Les dispositions précédentes ne portent pas atteinte au droit que possèdent les États de mettre en vigueur les lois qu’ils jugent nécessaires pour réglementer l’usage des biens conformément à l’intérêt général ou pour assurer le paiement des impôts ou d’autres contributions ou des amendes. »
A. Sur la recevabilité
1. Arguments des parties
a) Le Gouvernement
19. Le Gouvernement plaide, tout d’abord, l’irrecevabilité de la requête pour non-épuisement des voies de recours internes. Il affirme qu’après la saisine du Conseil d’État, le requérant a soumis auprès de l’administration une nouvelle demande de calcul du montant dû afin de se voir restituer le terrain litigieux. Bien que l’administration ne se trouvât pas dans l’obligation de recalculer le montant dû, elle a fait droit à cette demande du requérant et a réajusté le montant dû.

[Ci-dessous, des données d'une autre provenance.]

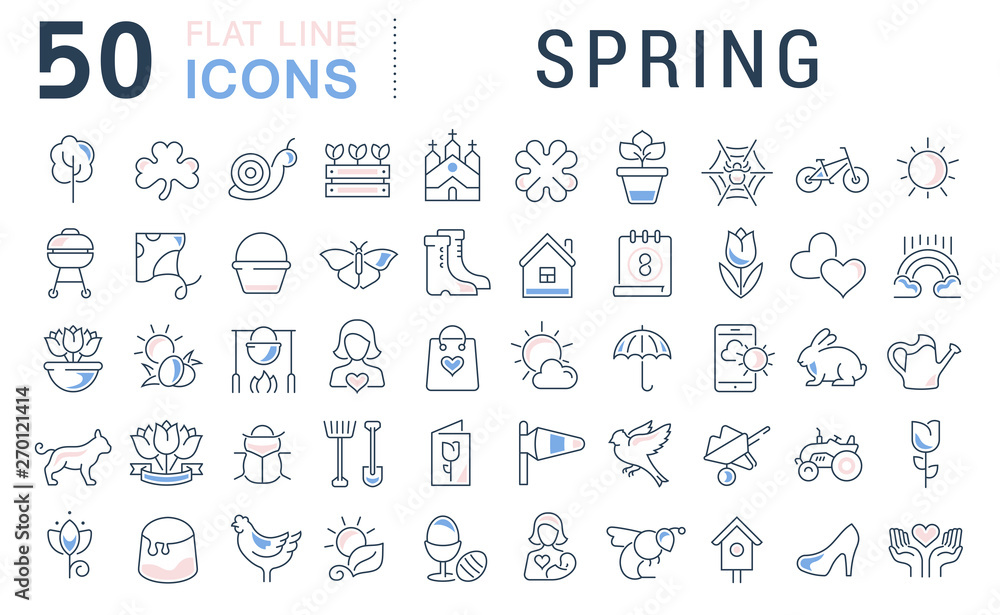 Set Vector Line Icons of Spring Set Vector Line Icons of Spring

20. De l’avis du Gouvernement, par cette action le requérant a tacitement accepté le calcul de l’indemnité due selon la décision no 1087631/6632/Δ0010 du 17 octobre 2005. Tout en estimant que ce comportement est abusif de la part du requérant et qu’il a ainsi perdu la qualité de victime, le Gouvernement relève qu’il a omis de contester la décision no 1064217/4182/Δ0010 devant le Conseil d’État. Il n’a pas ainsi épuisé les voies de recours internes à l’égard du grief tiré de l’article 1 du Protocole no 1.
b) Le requérant
21. Le requérant rétorque que l’allégation du Gouvernement selon laquelle sa nouvelle demande de fixation de l’indemnité due pour le rachat du terrain exproprié équivalait à une acceptation du montant déjà calculé en vertu de la décision no 1087631/6632/Δ0010 est infondée et pourrait induire la Cour en erreur. En effet, il relève que sa nouvelle demande auprès de l’administration avait été faite sous réserve explicite de ses droits selon le droit national, du fait qu’une procédure était pendante devant la haute juridiction administrative sur la constitutionnalité de l’article 12 de la loi no 2882/2001 et de la possibilité de saisir les instances internationales compétentes à cet égard.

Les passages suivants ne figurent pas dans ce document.